Austin, Texas is among the US markets with home price declines. Bloomberg via Getty Images

US home prices have come under pressure over the last year as mortgage rates rise in response to the Federal Reserve’s interest rate hikes.

The average 30-year fixed-rate mortgage was 6.42% last week – an increase of 2% compared to one year ago, according to Freddie Mac data.

Some of the sharpest price declines occurred in West Coast tech hubs that boomed during the COVID-19 pandemic.

Those markets are contending with an economic slowdown, a wave of layoffs and pre-existing affordability challenges in the form of sky-high home prices.

Home prices fell more than 10% year-over-year in San Francisco and San Jose, according to the data.

In Seattle, prices sank by 7.5%.

Tech hubs have seen the biggest declines in home prices. Getty Images

Meanwhile, the largest price increases in the eastern half of the US occurred in Florida, which has welcomed a steady stream of homebuyers and relocating companies over the last few years.

Prices surged by 12% in the Miami housing market and by 9.3% in Orlando, according to Black Knight’s data.

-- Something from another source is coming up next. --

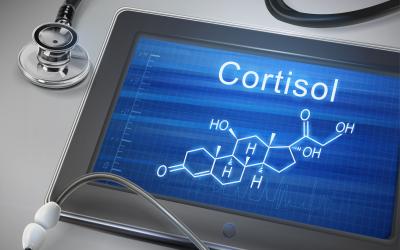 increased cortisol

Buffalo, New York as another winner, with prices ticking 8.3% higher.

Economists have warned for months that the run-up in mortgage rates will likely cause a sharp decline in home prices this year.

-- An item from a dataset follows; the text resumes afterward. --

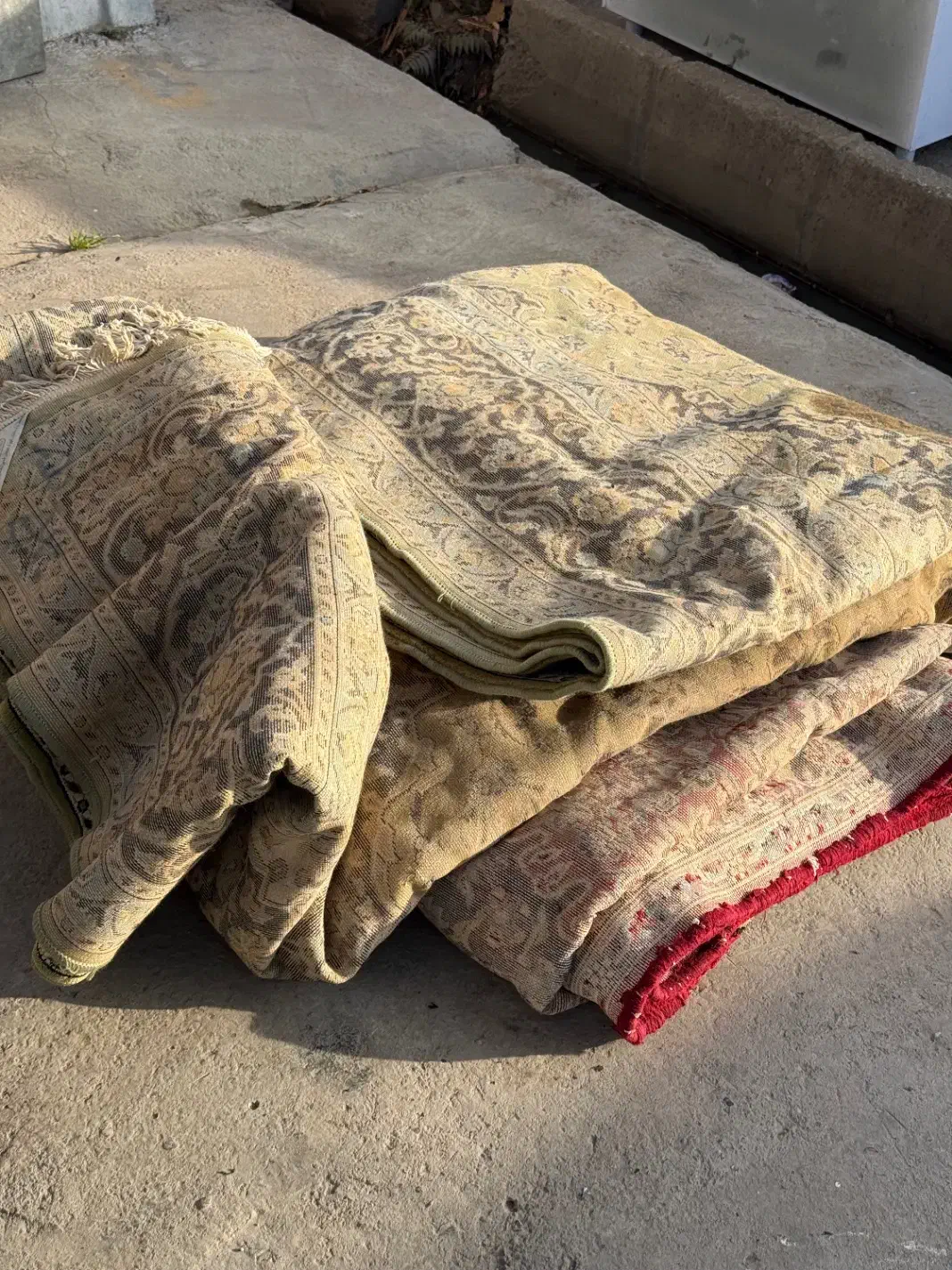 قالی خانگی|فرش|آق قلا, |دیوار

In February, overall US home prices posted a year-over-year decline for the first time since 2012 – snapping a record streak of 131 consecutive months of gains.

The median sale price for previously-owned US homes sank to $363,000 in February, the National Association of Realtors said in a release earlier this month.

That was a decrease of 0.2% compared to the same month one year earlier, when the median price was $363,000.

Experts at real estate firm Redfin say the recent turmoil in the banking sector could lead to more trouble in the “pandemic boomtowns” where price declines have been at their sharpest.

Prices declined 7.5% in Seattle year-over-year through January. REUTERS

“Some buyers are canceling their contracts or bowing out of their home search because they work in tech and they’re worried about losing their jobs,” Bay Area Redfin manager Shelley Rocha said in a statement earlier this month.

“The surge in tech layoffs was already causing jitters, and now the bank failures are adding to buyers’ nerves.”